July 8, 2008

Talkeetna - Stepping Back in Time

We arrived late in the quaint 1910's town of Talkeetna to find very little RV space available. Bob & Joy had mentioned the "town square park" which we found at the end of Main St nestled against the banks of the Talkeetna River, which is part of the Susitna drainage. Although reserved for tent campers only, we saw other RVs boondocking in the area, found us a quiet corner near the River, and bedded down for the night.

The town was truly established in the early '30s with the construction of this dirt airstrip, which served as the main street for many years. Along with the strip, the Fairview Inn was built at one end to serve the incoming gold prospectors, and now serves as the town bar.
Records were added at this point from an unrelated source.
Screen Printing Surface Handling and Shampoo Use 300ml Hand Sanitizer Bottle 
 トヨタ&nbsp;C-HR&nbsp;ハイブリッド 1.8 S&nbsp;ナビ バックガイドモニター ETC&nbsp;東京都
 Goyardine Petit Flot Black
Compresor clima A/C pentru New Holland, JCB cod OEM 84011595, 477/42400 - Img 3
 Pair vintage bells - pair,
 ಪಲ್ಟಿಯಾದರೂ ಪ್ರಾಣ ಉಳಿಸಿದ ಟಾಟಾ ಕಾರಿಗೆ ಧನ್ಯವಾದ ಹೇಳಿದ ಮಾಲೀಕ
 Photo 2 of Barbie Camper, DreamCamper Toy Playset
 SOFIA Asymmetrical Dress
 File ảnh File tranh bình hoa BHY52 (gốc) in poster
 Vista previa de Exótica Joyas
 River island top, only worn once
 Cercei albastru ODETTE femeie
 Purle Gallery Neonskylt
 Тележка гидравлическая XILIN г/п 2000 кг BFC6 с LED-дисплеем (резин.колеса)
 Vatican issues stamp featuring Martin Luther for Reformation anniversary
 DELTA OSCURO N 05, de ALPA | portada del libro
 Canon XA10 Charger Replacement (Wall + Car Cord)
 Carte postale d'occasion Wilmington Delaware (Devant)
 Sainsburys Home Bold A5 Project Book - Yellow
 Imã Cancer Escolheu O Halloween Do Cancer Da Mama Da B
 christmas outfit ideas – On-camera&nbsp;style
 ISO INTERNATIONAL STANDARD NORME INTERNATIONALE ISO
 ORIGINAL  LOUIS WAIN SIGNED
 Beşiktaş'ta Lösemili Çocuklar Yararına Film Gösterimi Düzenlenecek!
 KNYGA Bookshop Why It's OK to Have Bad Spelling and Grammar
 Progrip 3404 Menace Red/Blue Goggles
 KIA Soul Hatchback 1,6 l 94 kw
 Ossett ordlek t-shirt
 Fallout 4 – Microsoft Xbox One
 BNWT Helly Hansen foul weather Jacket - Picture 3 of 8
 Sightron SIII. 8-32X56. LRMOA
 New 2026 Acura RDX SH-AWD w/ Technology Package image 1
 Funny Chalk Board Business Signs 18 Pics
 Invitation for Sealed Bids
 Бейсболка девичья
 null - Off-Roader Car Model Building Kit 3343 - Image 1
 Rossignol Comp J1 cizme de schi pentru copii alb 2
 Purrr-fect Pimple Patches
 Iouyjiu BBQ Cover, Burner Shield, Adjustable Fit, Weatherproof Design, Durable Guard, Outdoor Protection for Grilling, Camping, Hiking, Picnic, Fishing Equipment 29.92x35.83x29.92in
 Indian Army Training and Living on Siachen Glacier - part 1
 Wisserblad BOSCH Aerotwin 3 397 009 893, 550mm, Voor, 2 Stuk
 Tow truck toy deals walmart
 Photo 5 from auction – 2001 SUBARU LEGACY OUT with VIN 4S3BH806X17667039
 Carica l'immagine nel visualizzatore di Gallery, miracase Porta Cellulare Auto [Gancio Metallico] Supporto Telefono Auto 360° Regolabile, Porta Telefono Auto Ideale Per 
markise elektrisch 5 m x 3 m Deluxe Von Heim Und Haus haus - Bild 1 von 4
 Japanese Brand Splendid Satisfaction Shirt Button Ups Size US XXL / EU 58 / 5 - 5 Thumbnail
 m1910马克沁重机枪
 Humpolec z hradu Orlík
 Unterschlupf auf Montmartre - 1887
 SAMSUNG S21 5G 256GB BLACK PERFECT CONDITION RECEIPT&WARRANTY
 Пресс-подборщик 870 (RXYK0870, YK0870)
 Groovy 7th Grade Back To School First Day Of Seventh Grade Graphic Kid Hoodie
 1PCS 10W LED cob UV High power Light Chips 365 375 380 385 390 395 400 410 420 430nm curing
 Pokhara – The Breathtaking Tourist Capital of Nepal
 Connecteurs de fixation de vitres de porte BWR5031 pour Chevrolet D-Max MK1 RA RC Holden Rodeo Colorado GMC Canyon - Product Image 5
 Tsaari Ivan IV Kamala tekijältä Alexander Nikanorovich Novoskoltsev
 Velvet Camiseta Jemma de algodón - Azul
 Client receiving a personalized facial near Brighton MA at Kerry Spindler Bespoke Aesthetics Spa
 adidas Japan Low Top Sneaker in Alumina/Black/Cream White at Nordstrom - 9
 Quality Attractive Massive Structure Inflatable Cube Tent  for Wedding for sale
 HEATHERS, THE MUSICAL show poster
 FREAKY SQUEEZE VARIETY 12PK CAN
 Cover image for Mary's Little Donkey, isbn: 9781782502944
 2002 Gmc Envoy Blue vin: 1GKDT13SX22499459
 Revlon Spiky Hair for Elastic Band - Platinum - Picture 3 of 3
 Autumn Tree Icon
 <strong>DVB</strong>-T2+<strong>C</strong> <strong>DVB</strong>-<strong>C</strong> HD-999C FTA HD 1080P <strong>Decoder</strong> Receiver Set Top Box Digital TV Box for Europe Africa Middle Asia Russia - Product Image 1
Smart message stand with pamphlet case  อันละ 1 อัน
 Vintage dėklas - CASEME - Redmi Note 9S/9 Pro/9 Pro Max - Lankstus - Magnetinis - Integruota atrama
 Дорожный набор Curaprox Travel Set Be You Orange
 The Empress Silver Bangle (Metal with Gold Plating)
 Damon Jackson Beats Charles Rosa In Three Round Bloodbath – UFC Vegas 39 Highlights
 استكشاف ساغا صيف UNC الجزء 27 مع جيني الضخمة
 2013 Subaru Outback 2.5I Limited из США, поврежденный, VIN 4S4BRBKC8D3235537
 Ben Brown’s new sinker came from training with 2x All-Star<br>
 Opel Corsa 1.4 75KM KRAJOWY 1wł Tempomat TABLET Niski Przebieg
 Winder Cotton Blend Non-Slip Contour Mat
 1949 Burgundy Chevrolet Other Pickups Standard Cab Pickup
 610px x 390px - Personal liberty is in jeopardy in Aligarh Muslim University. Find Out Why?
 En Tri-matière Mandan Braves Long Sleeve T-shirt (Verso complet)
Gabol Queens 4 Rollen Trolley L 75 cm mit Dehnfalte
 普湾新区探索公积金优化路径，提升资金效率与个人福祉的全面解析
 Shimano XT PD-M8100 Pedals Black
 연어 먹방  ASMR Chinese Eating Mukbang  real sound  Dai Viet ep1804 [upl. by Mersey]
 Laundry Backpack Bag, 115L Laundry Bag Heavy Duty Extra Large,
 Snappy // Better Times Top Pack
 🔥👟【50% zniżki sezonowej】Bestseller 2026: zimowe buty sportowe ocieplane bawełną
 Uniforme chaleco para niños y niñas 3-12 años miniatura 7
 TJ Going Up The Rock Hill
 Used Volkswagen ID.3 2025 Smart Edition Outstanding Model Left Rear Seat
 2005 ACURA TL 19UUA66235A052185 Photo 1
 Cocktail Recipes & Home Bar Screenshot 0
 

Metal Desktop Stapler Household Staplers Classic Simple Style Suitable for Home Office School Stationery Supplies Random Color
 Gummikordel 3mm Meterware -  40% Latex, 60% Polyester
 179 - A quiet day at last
The town is now the primary launch point for climbers flying into McKinley basecamp. The local motto is "we're a drinkin' town with a climbing problem". Both the airstrip & the Inn remain today, an essential ingredient in serving up the uniqueness of this historical setting, now turned tourist town. http://www.talkeetnahistory.org/

The airstrip is litle used today, replaced with a modern center for flying just on the outskirts of town. It's interesting to see & hear the rumble of those Pratt 985's on the Beavers overhead, glance up, and see a plane with skis on it (for landing on the glacier at Denali basecamp) when the weather is in the 70's!

Adding to the charm we were met next morning by this reminder of the past.

As we strolled down what is now Main, Kim found a colorful example of the town maskot, the decorated moose.

I was particularly intrigued by the ability of the local culture to adapt to modern tourism, noting that almost every shop in town had some connection to a flightseeing service.
The street is lined with historic buildings, bustling with tourist, and loaded with good smells from the local bakeries and cafes. We managed to sample just about all the goodies in town, from breakfast rolls at the Lodge to Alaskan Ale on tap at the Inn.

As with most of Alaska, we saw many signs and truck/license plate combinations that are very familiar thoughout the State, and a few that were a little unique.

Walking back up Main to our rig, we bid farewell to a fun little place and a couple of new friends!